ATHENS, Ga. — The college football calendar is approaching the second Saturday in November, and the Georgia Bulldogs are still looking for an opportunity to celebrate inside Sanford Stadium as No. 9 Auburn comes to town.
Georgia has played just three home games to this point and prevailed once, surviving Nicholls State of the Championship Subdivision, 26-24, on Sept. 10. The Bulldogs hosted Tennessee and Vanderbilt last month and got swept in gut-wrenching fashion, losing 34-31 to the Volunteers on a Hail Mary as time expired and falling 17-16 to the Commodores despite outgaining them by 250 yards.
"I don't think there is a certain reason on why we just lose or struggle at home," sophomore outside linebacker D'Andre Walker said this week. "At the same time, you can't think about that. You just have to go out there and play. We still have two more home games after Auburn, so we just want to go out there and play well."
Georgia closes its regular season with visits from Louisiana-Lafayette and Georgia Tech.

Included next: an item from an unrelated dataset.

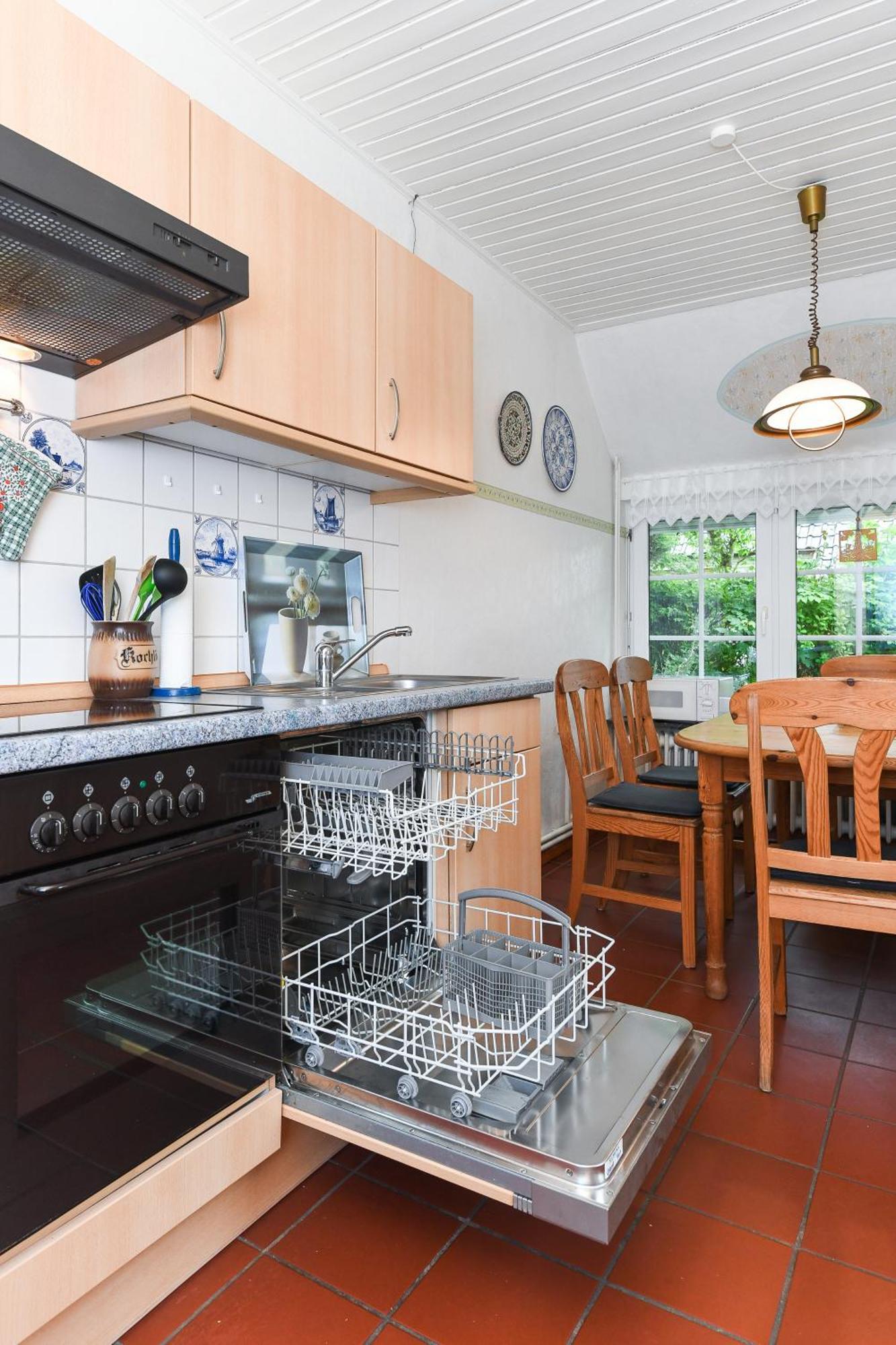 Ferienhaus Dohlennest Carolinensiel Buitenkant foto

The Bulldogs are 10-point underdogs Saturday, the largest spread they've faced at home since being 14-point underdogs against Tennessee in 1996. That was Peyton Manning's junior season as Volunteers quarterback, and he threw for 371 yards in leading them to a 29-17 triumph.
Defeating Auburn would help Georgia avoid its first winless season at home against Southeastern Conference opposition since 1962, when the Bulldogs tied Kentucky (7-7) and were thumped by Georgia Tech (37-6). They have not lost all of their home league games since 1957, when they played only two and fell to Vanderbilt (9-6) and Alabama (14-13).
This is already the deepest Georgia has gone into a season without defeating a Bowl Subdivision foe at home since 1962.
The Bulldogs are 5-4 overall, having won true league road games against Missouri, South Carolina and Kentucky but also losing badly at Ole Miss. They are 1-1 in neutral-site contests, opening with a victory over North Carolina in Atlanta and losing their annual matchup with Florida in Jacksonville.
"I don't think it's anything about home or away," Bulldogs first-year coach Kirby Smart said. "I think it's the demeanor in which you approach these games. I think it's important that we try to keep a routine for a game, and whether it's home or away, we try to keep the same routine in making sure the players have the same amount of free time or rest time or focus time — trying to keep that consistent from a home game to a road game.
"Sometimes it's not. Sometimes on the road game, you get away from things more. You get isolated more. As far as that goes, I think the crowd obviously is a difference and the momentum of the crowd is big at home. I think that helps."
Georgia played one of its better games against Tennessee and took a 31-28 lead with 10 seconds remaining on a 47-yard touchdown pass from Jacob Eason to Riley Ridley. The Bulldogs had 35 more yards than the Volunteers, who moved into the top 10 following that triumph, and Georgia's 421-171 yardage advantage over Vanderbilt is its largest of the season.
Auburn outgained the Commodores by just 45 yards in last Saturday's 23-16 win.
"I don't know why it's happened," junior nose tackle John Atkins said. "We prepare every week the same. Every week we try to run the ball and stop the run, so we try to play the same everywhere we go. Even though the record doesn't show it, we have a lot of players improving."
Said senior snapper Trent Frix: "We want to defend our home field, and we're going to do the best that we can to do that. It's just been one of those things this year."